HE SAYS “You're a poopyhead!”
YOU SAY “Wait until I tell your father.”
YOU SHOULD HAVE SAID “I'm really frustrated, too, but we're going to figure this out.”
We often deflect authority to our partner when we're feeling helpless. But surrendering it suggests to your child that you're not in control, and that's scary for a toddler. If you need a minute or two after your kid calls you a name, take it. It's better to pause than to say something that will only make your kid panic more. “Every child needs to know when he's having a tantrum that it's a safe space,” says Maureen Healy, author of Growing Happy Kids. “The most important thing is that he knows you love him no matter what and that you are there to help him.”
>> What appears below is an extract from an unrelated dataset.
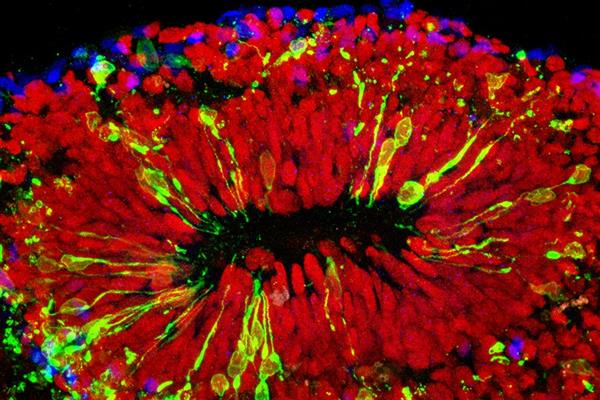 科學家攻克Zika病毒 高中生攜3D打印來幫忙

Zika病毒,3D打印醫療行業,3D打印材料價格,3D打印技術,3D打印材料,3D打印成本,3D打印價格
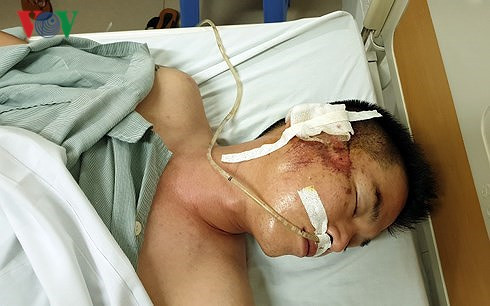 Xác định danh tính tài xế bắn súng, chèn xe qua người lái taxi ảnh 3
If you do feel like you need backup, don't invoke almighty Dad in a menacing way. Instead, Dr. Gold suggests saying something like “We're having a tough time now, but maybe when Daddy gets home, we'll calm down and be able to think better about this.” This way, you're not creating an us-versus-you dynamic but using your spouse in a positive way as reinforcement.
SHE SAYS “No! No! No!”
YOU SAY “I'll do anything if you just…”
YOU SHOULD HAVE SAID Nothing.
No, really. Don't say a word. “There is a time for speaking, and there is a time for action,” says Griffin. If the tantrum has reached the point where you're willing to do anything, it's time to take the reins and get things under control. If that means picking up your child and her shoes and putting them on yourself, do it. If that means leaving your shopping cart in the middle of the dairy aisle, then sayonara, Go-Gurt. “In the moments when your child is most emotional and overwhelmed, you really should stop talking and start doing because she isn't capable of doing much for herself,” says Griffin.